Nesse contexto, questiona-se: como os usuários que procuram atendimento em demanda espontânea vivenciam o acesso e a acessibilidade no sus na porta de entrada da APS? Este estudo teve o objetivo de compreender as vivências cotidianas de usuários em demanda espontânea para o acesso e a acessibilidade no sus na porta de entrada da APS.
Materiais e método
Trata-se de um estudo de casos múltiplos holís-tico-qualitativo 12, fundamentado na sociologia compreensiva do cotidiano de Michel Maffesoli 13.

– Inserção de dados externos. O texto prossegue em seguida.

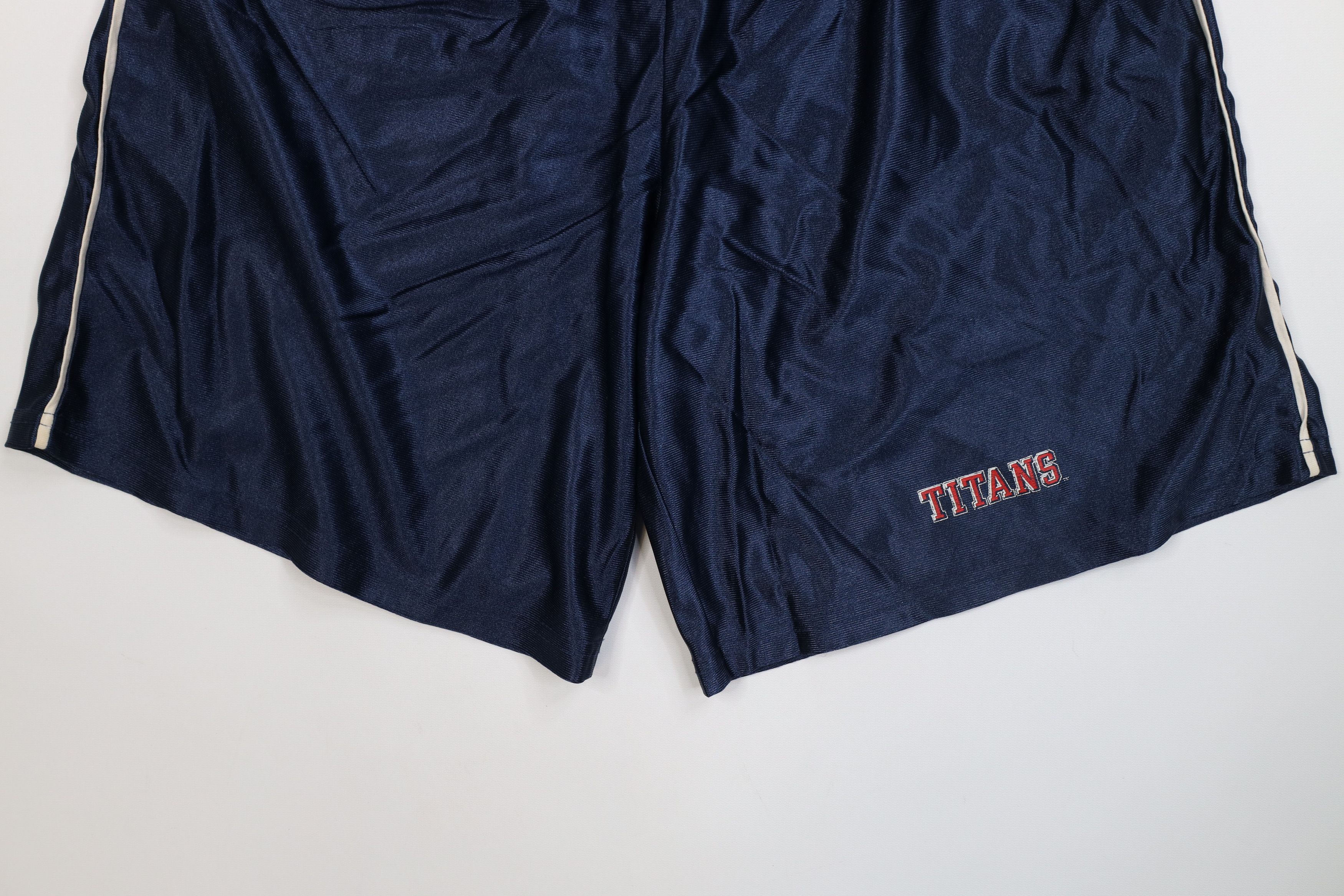 Vintage Vintage 90s University of Detroit Mercy Titans Silky Shorts Size US 32 / EU 48 - 4 Thumbnail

O universo deste estudo contemplou cinco unidades de APS tradicional, sem equipes da ESF, e cinco unidades com equipes da ESF; seguiu-se à lógica de uma ESF e uma APS tradicional até a saturação dos dados, definidas por sorteio aleatório das 43 unidades de APS/ESF da região urbana de município de grande porte de Minas Gerais, Brasil (32 equipes da ESF e 11 da APS tradicional). Assim, trata-se de dois casos (unidades de APS tradicionais e unidades com equipes da ESF), em cenários que apresentam realidades diferenciadas pela organização das equipes e do cotidiano de trabalho, o que constitui um estudo de casos múltiplos holístico ao ter única unidade de análise: vivências cotidianas de usuários em demanda espontânea para o acesso e a acessibilidade na porta de entrada da APS. Para a análise de cada caso, buscaram-se as evidências convergentes ou divergentes nos resultados, identificando em ambas as realidades a replicação literal pela semelhança dos resultados nos casos múltiplos, com capacidade de generalização das proposições teóricas, ou seja, que possibilitam a generalização analítica para realidades similares 12.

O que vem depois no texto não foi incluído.